E eu passei ao lado deles tentando não demonstrar pena, tentei ser indiferente, tentei não ligar e nem fazer contato visual. Não sei se foi para tentar poupa-los de um certo constrangimento que eles eventualmente poderiam estar sentindo, ou se foi para me poupar da vergonha deles estarem caçando a comida que eu joguei fora dois dias atrás.
O Brasil que eu vivo, não é florido, não tem praias maravilhosas, o Cristo Redentor está de braços cruzados e o verde-louro desta flâmula, há muito tempo virou cinza, e tem razão, um filho teu não foge a luta; ele não foge a luta porque ele jamais seria capaz de sequer poder se erguer para a guerra, um filho teu abandonado, esquelético que sequer se mantém de pé.
Quanto vale o privilégio quando ele se mantém alçado por pilastras compostas por ossadas?
Quanto vale a minha indignação e a minha inutilidade se são os ossos que eu jogo fora do jantar que estruturam a belíssima necropolítica brasileira?
É tão mais fácil falar de como a fome esfola a África do que reconhecer a dor dos magricelos cracudinhos da esquina.
E aí eu me pego no ônibus, escorada em uma haste amarela qualquer, e me vem um menino, uma criança, um cachorro, um garoto que estava sozinho no ônibus veio abanando o rabo e com aqueles gigantes olhos de vira-lata, latiu: “tia, eu tô com fome”.
A criança parecia um filhote de cachorro, desses que são abandonados no meio de um mato qualquer e que reconhecem para onde não ir apenas pelo mínimo tremor do asfalto, ela era um desses cães que conhecem de cabo a rabo o lugar onde vivem, onde foram criados ou melhor, negligenciados.
Filhotes esmagados, doentes e sangrentos.

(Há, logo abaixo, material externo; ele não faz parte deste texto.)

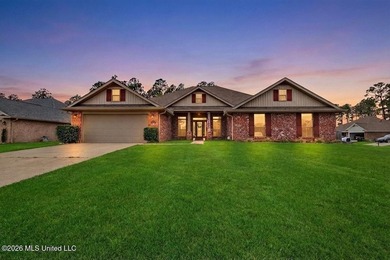 Home For Sale in Biloxi image photo picture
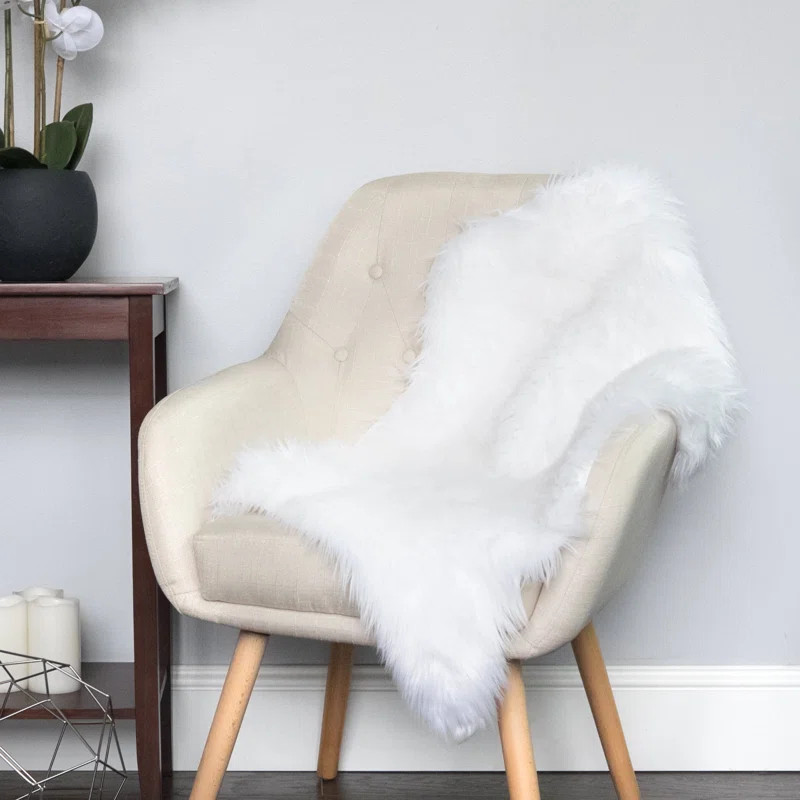 Area Rugs | Wayfair North America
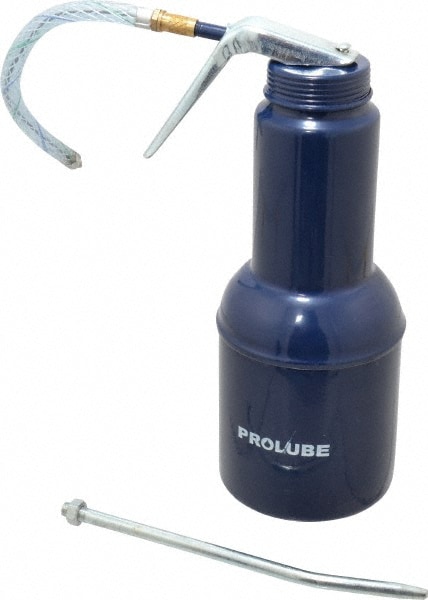 PROLUBE M40RB/F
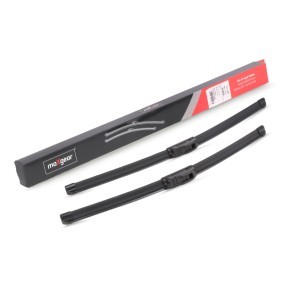 Achetez des Essuie-glace MAXGEAR 39-0056 à prix pour 19,76 €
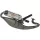 LEOVINCE kipufogó PEUGEOT 50 LUDIX, STREETZONE 2T, CITYSTAR, KISBEE 2T, SPEEDFIGHT 3, NEW VIVACITY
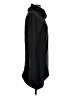 Twisted Heart Black Turtleneck Sweater Size S (estimated) - photo 4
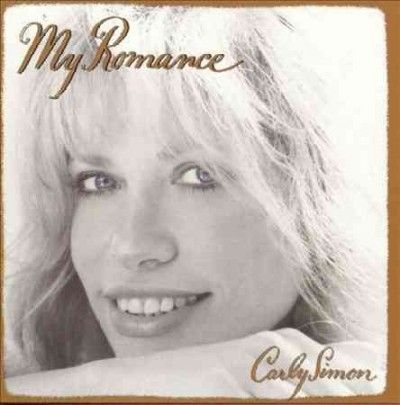My Romance - (Import CD)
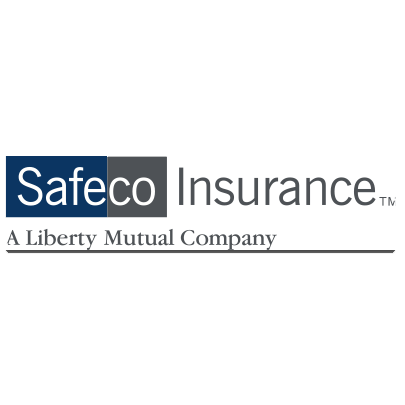 Mountain Insurance Services | 12443 NM-14, Cedar Crest, NM 87008, USA | Phone: (505) 281-5099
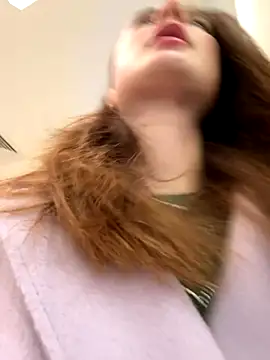 Dina Tease online show from 11/04/25, 01:10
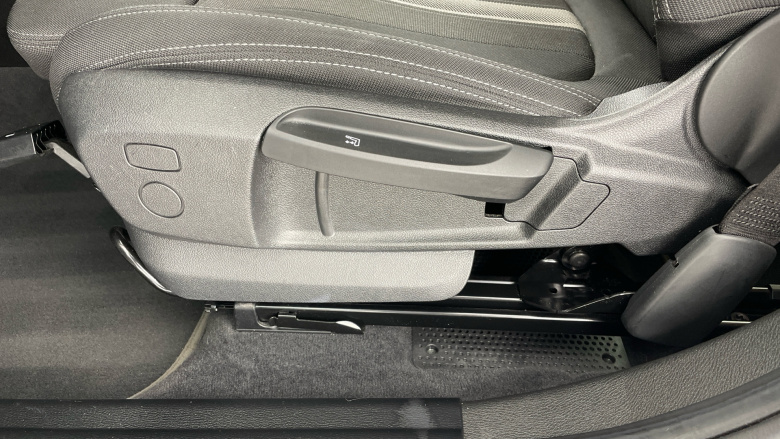 BMW X2 sDrive 20i Sport 5dr Step Auto Petrol Hatchback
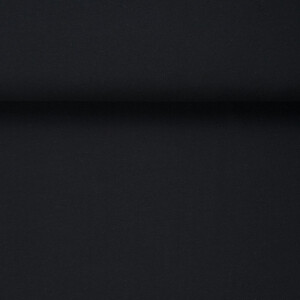 Leinen Baumwolle Leinenstoff Meterware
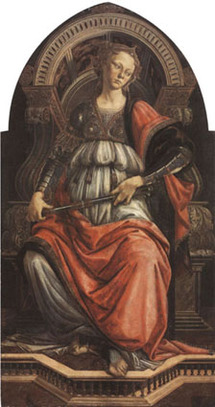 find019-Botticelli (Fortitudo 1470)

Talvez seja uma comparação extremamente injusta, já que aos cachorrinhos destina-se o mínimo de pena. Tiramos fotos. Divulgamos. Os mais gentis até levam para casa e tratam de arrumar um novo lar aos lindos filhotes.

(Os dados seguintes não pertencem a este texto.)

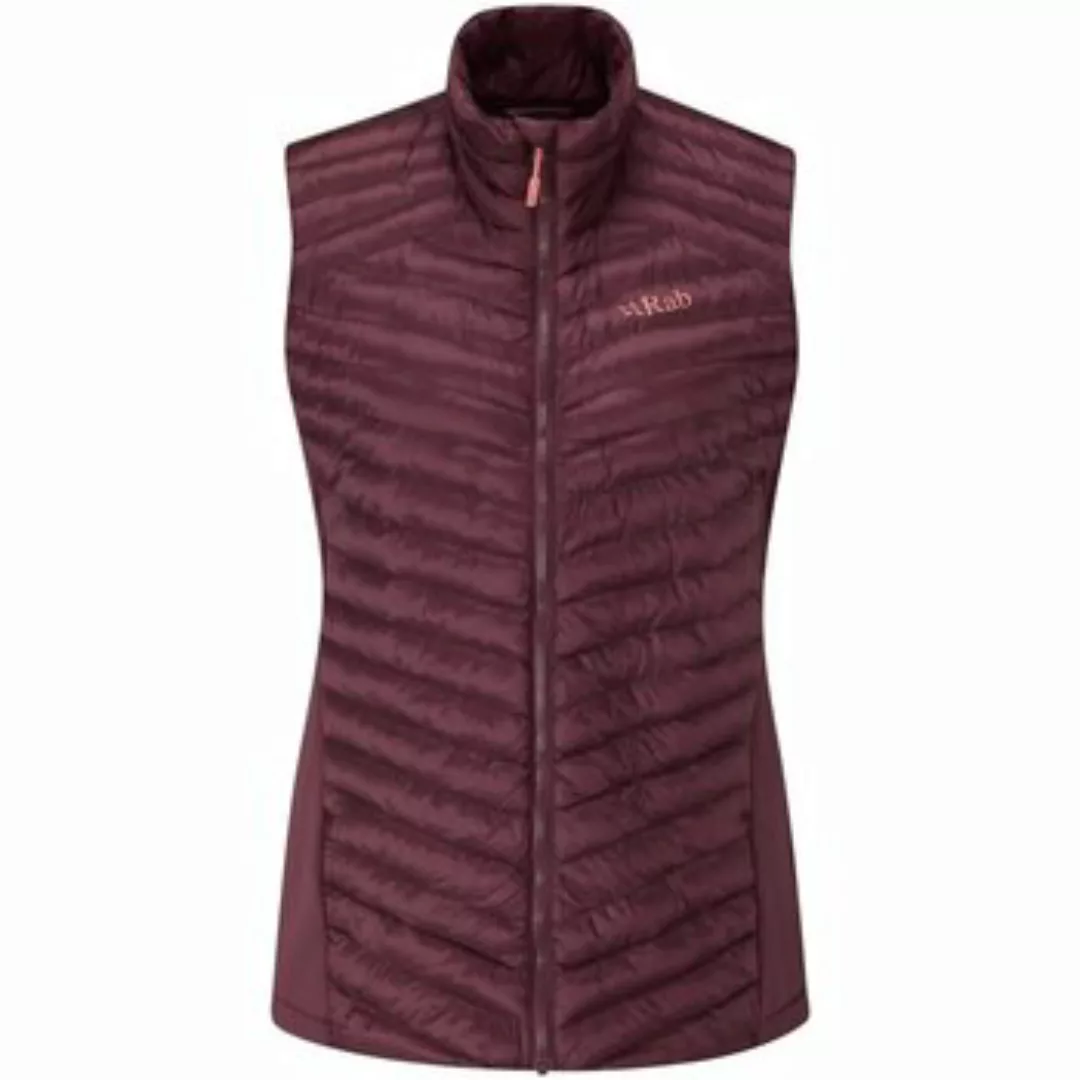 Diverse  Damen-Jacke Sport Cirrus Flex 2.0 Vest Wmns QIO-77-HD günstig online kaufen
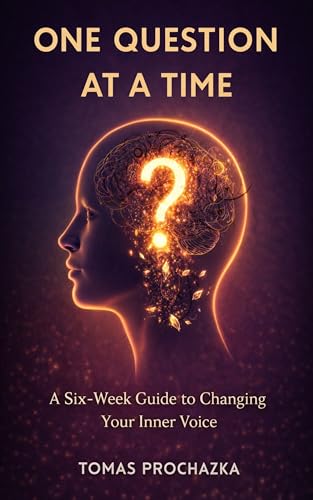 One Question At A Time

Mas e aos vira-latas de duas pernas?
Mas e quanto ao cão-menino que revirava o meu lixo?
E quanto a mãe-cadela que os esperava em casa testando a receita que ouvira da milagrosa sopa de pedra?
Ou talvez seria mais apropriada uma sopa de ossos?
Um meio de diversão para os cachorros.
Crueldade a minha, mas o que tem sido o brasileiro senão a espécie mais maltratada dos cachorros?
Porque quando uma população precisa ler na vidraça do açougue que “osso é vendido, não dado”, percebe-se que já fomos sujeitados há muito tempo aos escombros.